This blog is the third in a series SACE is publishing on recent energy efficiency advocacy meetings between Tennessee Valley Authority (TVA) and community members across the Tennessee Valley. The first blog, focusing on TVA customers in rural East Tennessee, can be found here, and the second blog, focusing on customers in Memphis, can be found here.
Should anyone in the Tennessee Valley have to choose between taking their child to the doctor or keeping their lights on? Today, too many people in Chattanooga and across the Tennessee Valley do just that because of high energy costs. Chattanooga’s Electric Power Board (EPB) is on the cutting edge as a TVA distributor, having set the bar for smart grid investments in the region and recently implemented a whole-home retrofit pilot program in the predominately African American, low-income Avondale neighborhood. There are still many more Chattanoogans with unnecessarily high electric bills, however, and EPB and other local power companies desperately need support from TVA to tap into valuable utility system savings and help customers get their bills to a more affordable level.
On August 15, a group of low-income, minority Chattanoogans met with TVA staff to share their thoughts about obstacles to making their homes more energy efficient and lowering their energy burdens and to ask TVA for their help in overcoming them.
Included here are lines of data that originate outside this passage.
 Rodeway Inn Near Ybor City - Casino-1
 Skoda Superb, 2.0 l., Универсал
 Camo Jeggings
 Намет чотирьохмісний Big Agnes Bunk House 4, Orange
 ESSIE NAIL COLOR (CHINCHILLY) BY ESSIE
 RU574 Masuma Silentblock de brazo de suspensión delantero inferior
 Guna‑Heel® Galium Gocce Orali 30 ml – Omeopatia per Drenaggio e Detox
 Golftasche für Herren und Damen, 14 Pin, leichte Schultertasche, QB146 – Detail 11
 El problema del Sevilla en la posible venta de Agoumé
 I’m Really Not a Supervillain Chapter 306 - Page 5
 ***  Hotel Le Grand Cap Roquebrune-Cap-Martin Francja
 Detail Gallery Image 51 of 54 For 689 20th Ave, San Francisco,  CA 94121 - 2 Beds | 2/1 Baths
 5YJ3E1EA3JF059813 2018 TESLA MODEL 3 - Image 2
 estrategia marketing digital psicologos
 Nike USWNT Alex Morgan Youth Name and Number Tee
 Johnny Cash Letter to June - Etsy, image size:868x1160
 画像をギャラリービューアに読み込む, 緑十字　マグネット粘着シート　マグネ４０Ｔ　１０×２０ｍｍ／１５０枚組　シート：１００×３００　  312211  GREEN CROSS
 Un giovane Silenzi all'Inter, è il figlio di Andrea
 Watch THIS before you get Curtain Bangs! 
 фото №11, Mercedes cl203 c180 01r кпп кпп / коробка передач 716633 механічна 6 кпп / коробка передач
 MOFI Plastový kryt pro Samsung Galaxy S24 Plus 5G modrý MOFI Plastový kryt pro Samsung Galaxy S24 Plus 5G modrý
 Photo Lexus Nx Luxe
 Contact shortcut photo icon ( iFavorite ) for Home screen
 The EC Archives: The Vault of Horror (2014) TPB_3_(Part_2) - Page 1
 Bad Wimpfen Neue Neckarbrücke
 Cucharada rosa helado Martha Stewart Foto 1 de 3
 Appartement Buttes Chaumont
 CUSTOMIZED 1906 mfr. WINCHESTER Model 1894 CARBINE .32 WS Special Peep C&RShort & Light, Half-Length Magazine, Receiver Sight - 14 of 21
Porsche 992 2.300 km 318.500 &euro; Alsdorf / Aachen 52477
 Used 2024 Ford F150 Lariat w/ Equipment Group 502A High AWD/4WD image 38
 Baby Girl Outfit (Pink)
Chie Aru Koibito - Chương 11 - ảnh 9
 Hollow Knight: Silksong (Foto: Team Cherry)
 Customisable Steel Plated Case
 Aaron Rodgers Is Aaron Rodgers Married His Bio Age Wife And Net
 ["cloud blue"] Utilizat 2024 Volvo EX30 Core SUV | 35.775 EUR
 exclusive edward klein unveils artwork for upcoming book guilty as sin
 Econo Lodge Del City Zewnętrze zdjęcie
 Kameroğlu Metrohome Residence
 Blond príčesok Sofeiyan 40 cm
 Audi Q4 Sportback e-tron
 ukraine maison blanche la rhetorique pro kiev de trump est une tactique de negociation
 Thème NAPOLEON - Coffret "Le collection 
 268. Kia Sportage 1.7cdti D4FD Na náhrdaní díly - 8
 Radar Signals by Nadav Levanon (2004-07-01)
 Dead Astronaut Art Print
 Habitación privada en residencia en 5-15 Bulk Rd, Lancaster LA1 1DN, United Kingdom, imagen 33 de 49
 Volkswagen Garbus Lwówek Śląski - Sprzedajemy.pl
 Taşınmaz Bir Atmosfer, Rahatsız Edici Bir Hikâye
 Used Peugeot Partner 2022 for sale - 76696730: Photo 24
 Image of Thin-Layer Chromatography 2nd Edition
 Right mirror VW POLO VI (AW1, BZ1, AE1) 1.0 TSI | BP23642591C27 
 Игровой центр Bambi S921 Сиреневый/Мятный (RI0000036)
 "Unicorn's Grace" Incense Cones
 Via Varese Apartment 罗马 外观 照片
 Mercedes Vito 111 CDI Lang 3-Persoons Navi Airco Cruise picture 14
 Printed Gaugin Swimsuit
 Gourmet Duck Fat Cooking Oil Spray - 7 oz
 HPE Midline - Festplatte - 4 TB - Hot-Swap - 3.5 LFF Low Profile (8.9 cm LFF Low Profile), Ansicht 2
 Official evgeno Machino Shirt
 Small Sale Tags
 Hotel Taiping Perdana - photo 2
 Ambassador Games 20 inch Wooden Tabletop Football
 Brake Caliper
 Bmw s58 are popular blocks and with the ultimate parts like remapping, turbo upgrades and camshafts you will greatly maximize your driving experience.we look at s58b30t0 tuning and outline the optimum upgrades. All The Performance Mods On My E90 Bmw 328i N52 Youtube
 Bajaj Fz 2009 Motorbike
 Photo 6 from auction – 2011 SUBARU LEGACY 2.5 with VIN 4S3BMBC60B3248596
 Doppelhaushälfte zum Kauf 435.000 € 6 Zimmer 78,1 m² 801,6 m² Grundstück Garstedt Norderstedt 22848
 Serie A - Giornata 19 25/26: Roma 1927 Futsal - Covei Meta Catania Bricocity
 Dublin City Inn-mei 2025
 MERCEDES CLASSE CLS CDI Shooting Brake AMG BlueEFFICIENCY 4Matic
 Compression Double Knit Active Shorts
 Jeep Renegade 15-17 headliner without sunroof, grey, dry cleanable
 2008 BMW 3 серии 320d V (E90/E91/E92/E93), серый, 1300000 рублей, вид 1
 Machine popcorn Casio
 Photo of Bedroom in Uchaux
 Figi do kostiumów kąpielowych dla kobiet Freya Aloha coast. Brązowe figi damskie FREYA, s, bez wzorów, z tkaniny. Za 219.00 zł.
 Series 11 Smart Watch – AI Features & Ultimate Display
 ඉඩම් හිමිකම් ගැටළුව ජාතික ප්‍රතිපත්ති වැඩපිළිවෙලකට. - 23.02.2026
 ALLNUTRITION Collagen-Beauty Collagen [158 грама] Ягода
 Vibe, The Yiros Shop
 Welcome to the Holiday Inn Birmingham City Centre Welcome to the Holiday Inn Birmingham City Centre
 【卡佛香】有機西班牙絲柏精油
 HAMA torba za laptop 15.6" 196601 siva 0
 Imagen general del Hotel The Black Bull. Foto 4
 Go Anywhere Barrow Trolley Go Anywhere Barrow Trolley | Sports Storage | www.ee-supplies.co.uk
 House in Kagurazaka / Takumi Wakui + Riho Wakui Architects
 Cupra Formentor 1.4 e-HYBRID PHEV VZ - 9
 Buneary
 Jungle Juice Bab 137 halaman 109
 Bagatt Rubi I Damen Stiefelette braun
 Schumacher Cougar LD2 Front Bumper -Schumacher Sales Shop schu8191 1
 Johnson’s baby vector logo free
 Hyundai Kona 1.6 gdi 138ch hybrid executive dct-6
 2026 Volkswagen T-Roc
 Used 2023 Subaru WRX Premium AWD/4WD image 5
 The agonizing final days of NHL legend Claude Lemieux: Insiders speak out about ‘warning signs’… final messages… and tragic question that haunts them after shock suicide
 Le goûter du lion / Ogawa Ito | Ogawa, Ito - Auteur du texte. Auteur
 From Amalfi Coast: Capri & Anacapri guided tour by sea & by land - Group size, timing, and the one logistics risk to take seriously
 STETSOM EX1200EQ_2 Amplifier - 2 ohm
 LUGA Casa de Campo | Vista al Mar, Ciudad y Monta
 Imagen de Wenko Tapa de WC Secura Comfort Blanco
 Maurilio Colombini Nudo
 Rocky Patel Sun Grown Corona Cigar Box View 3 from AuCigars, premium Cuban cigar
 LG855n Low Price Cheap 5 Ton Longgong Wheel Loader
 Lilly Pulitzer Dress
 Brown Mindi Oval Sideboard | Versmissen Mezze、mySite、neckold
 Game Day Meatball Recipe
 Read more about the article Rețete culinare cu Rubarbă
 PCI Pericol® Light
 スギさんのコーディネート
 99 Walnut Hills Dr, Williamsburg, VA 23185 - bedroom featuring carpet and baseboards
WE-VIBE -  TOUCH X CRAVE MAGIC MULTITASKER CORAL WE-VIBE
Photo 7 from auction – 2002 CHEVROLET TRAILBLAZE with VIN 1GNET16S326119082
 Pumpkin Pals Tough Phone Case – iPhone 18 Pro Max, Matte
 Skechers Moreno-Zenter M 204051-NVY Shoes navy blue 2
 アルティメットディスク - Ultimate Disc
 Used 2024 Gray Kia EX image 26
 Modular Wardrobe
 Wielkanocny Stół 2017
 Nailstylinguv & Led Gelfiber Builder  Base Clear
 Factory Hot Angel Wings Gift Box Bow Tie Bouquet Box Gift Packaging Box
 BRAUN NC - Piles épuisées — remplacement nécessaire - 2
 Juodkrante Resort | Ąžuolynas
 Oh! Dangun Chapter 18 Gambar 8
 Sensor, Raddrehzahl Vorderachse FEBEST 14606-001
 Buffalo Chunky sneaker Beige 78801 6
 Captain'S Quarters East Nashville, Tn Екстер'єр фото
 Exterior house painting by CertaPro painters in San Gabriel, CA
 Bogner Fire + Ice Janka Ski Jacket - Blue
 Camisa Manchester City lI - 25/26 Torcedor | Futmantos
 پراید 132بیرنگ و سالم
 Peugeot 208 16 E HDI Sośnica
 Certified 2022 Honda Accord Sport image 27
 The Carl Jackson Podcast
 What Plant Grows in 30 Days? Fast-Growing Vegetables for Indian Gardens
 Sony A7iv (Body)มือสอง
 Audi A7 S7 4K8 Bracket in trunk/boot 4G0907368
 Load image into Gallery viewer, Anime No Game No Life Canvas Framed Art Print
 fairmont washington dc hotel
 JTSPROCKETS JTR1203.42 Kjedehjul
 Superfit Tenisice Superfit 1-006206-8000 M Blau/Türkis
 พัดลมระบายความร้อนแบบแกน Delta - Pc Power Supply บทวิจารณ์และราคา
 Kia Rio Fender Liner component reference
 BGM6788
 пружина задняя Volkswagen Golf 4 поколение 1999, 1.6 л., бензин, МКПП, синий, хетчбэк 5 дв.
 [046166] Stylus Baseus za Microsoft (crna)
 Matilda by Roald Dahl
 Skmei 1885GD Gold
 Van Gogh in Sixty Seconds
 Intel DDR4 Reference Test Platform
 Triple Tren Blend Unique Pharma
The message that was delivered loud and clear at the meeting was that reaching and engaging members of diverse, low-income communities in energy efficiency efforts requires trust-building. And building trust takes time. Chattanooga residents who participated in the meeting shared personal stories that highlighted a multitude of obstacles to making the homes of low-income families energy efficient.
Like the rest of Tennessee, the percentage of people who live below the poverty line in Chattanooga is astoundingly high – 25 percent of Chattanoogans are low-income and close to 40 percent of Chattanooga households belong to minority communities. Most of them live in inefficient housing and have a high energy burden compared to higher-income residents.
Energy burden is the percentage of household income spent on home energy bills. The American Council for an Energy-Efficient Economy (ACEEE) has found that low-income minority households across the country spend more of their income on home energy costs than the average household. Families with high energy burdens often suffer long-term health impacts and have a harder time escaping poverty than other households.
The Southeast leads the nation in poverty and lags behind the rest of the nation in the deployment of energy efficiency and the realization of associated benefits. Per capita spending on energy efficiency programs in Tennessee is well below the national average. TN ranks 25/51 on ACEEE’s 2016 State Energy Efficiency Scorecard. While TVA does offer some energy efficiency programs, they are smaller than many other utilities’ programs, and low-income households are often unable to access them due to a lack of access to capital and other barriers.
Fortunately, TVA is looking at options for addressing energy burdens across the Valley.
Local Chattanooga nonprofit green|spaces worked for over a year to build trust with community members to provide them with an opportunity to speak for themselves at meetings like this one. When SACE began helping to organize community meetings with TVA across the Valley, local advocates were eager and up for the task in Chattanooga.
Community members who attended the meeting talked about a variety of obstacles that they and other Chattanoogans experience around making their homes more energy efficient and lowering their energy burden. “Fear and lacking” sum them up: lack of trust in utilities and other authorities, lack of access to information and programs, lack of money, lack of education, lack of communication, lack of accountable and ethical landlords, lack of time, lack of well-designed programs, lack of insulation, lack of sealed doors and windows, and lack of well-built homes, to name a few.
Some community members spoke of homes that are so deteriorated that they fear that they will be condemned if they call attention to them, and told stories of friends who had experienced just that. Experiences like these can help to inform the design of new energy efficiency programs on obstacles that planners might not otherwise know about.
In the end, one participant recapped and asked TVA for help: “We live in old houses, we’re low income, and we need help. TVA needs to do a massive overhaul – if you’re going to do something, it needs to be something big.”
Addressing the challenges highlighted by the stories shared at the Chattanooga meeting is complex and requires commitment and leadership. TVA has convened an Energy Efficiency Information Exchange working group that includes staff from TVA, local power companies, academic institutions, non-profit organizations, including SACE and green|spaces, and others to work together to solve the problem of high energy burdens. SACE looks forward to continuing to engage through the working group, and we will be working to emphasize the concerns and insights provided by community members across the Valley in our ongoing efforts.